An immigration and customs inspector in New Zealand earns about 51,300 NZD a year. That's 47% below the national average of 95,900 NZD.

Pay ranges widely from country to country and from role to role. The lowest reported salaries in New Zealand sit around 25,300 NZD a year, while the very top stretches to 83,000 NZD. Everything on this page is in New Zealand dollar (NZD, symbol $), which lets you compare numbers like-for-like without worrying about exchange rates.

The numbers here are pulled together from official government wage data, large independent salary surveys, and aggregated worker-reported pay. Most reported salaries include the benefits that are common in New Zealand, such as housing or transport allowances, which is worth keeping in mind if you're comparing against a country where those are usually paid on top.


How much does an immigration and customs inspector make in New Zealand?

Average salary
51,300 NZD
4,275 NZD per month
Lowest reported
25,300 NZD
2,108 NZD per month
Highest reported
83,000 NZD
6,916 NZD per month

A typical immigration and customs inspector working in New Zealand brings home around 4,275 NZD a month before tax. Entry-level pay starts near 25,300 NZD, and the top of the ladder reaches roughly 83,000 NZD for the most experienced and specialised people in the role.

The wide gap between low end and top end reflects how much pay can vary inside the same job title. A junior immigration and customs inspector working at a small local employer earns very different money from a senior at a multinational. Skills, employer, city and years in the seat all push the number around.

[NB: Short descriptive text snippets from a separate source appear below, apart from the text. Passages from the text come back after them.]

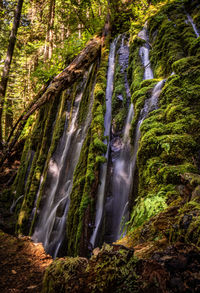 Low angle view of waterfall in forest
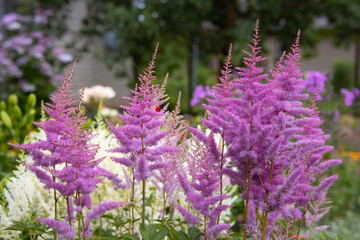 Beautiful delicate fluffy colorful ornamental plant Astilbe growing in the garden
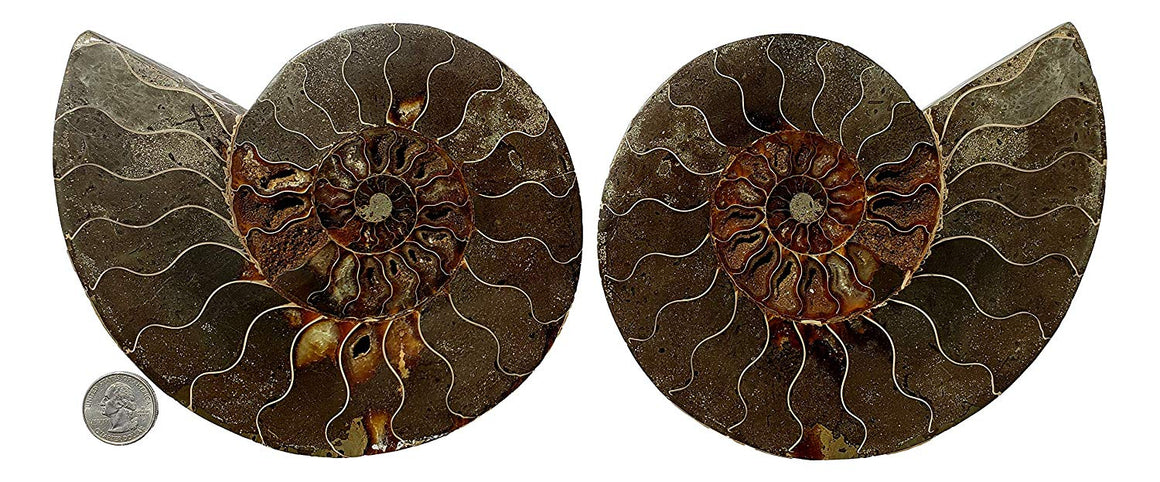 Genuine Ammonite Fossil Pair - Split and Polished - from Madagascar (3) - dinosaursrocksuperstore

How immigration and customs inspector pay ranges in New Zealand

A good way to think about salary in New Zealand is to look at the distribution rather than the headline average. Half of all immigration and customs inspectors in New Zealand earn less than 56,800 NZD a year, and the other half earn more. That middle number is the median, and it is usually more useful than the average for answering "is my pay normal here".

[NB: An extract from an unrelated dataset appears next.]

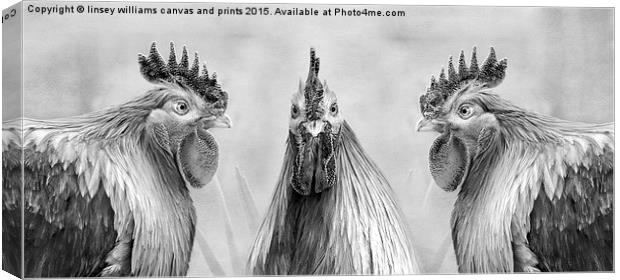 Hens, GULP!! Mono Canvas Print by Linsey Williams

Looking at the quartiles fills in the picture. A quarter of earners take home less than 35,000 NZD (the 25th percentile), and a quarter clear 74,700 NZD (the 75th percentile). The middle 50% of immigration and customs inspectors sit somewhere inside that band, which is where the typical reader of this page probably lives.

The very lowest reported salaries sit around 25,300 NZD. The highest stretch to 83,000 NZD, though only a small fraction of earners ever reach that level. If you are deciding whether your own offer or current pay is reasonable, work out which of those four bands you would fall into and use that as your reference point.

25,300
Low
56,800
Median
83,000
High
35,000
25th
74,700
75th
The middle 50% sit between the 25th and 75th percentile Tails are the lowest and highest reported All figures in NZD

Immigration and customs inspector pay by experience in New Zealand

Years of experience is the single biggest lever on pay for an immigration and customs inspector in New Zealand, ahead of education and almost any other single factor. The longer you have been in the role, the more your employer can trust you to handle complexity, mentor others and act independently, all of which command higher pay. The chart below shows how the typical immigration and customs inspector salary changes as you move through the career ladder.

  • 0-2 Years
    25,800 NZD
  • 2-5 Years
    +44% from previous
    37,100 NZD
  • 5-10 Years
    +42% from previous
    52,800 NZD
  • 10-15 Years
    +28% from previous
    67,800 NZD
  • 15-20 Years
    +8% from previous
    73,200 NZD
  • 20+ Years
    +8% from previous
    78,900 NZD

The single largest jump on the ladder is from 0 - 2 Years to 2 - 5 Years, where pay rises by about 44%. That is the point at which a immigration and customs inspector typically goes from "competent in the role" to "the person other people in the team learn from", and the market pays well for that step.


Immigration and customs inspector pay by education in New Zealand

Education sits alongside experience as one of the biggest factors driving immigration and customs inspector pay in New Zealand. Higher qualifications consistently pull higher salaries, but the size of the gap tends to be smallest at junior levels and widens as people move up. Two people in the same role with the same years of experience but different degrees can end up earning very different money once they reach mid-career.

Below is the average immigration and customs inspector salary in New Zealand broken down by the highest level of education a worker has completed.

  • High School
    32,200 NZD
  • Certificate or Diploma
    +53% from previous
    49,300 NZD
  • Bachelor's Degree
    +71% from previous
    84,200 NZD

Immigration and customs inspector gender pay gap in New Zealand

The gender pay gap is a stubborn feature of almost every labour market, and New Zealand is no exception. Male immigration and customs inspectors in New Zealand earn an average of 55,400 NZD a year, while female immigration and customs inspectors earn around 49,700 NZD. That works out to a 11% gap in favour of men, even when comparing people doing the same work.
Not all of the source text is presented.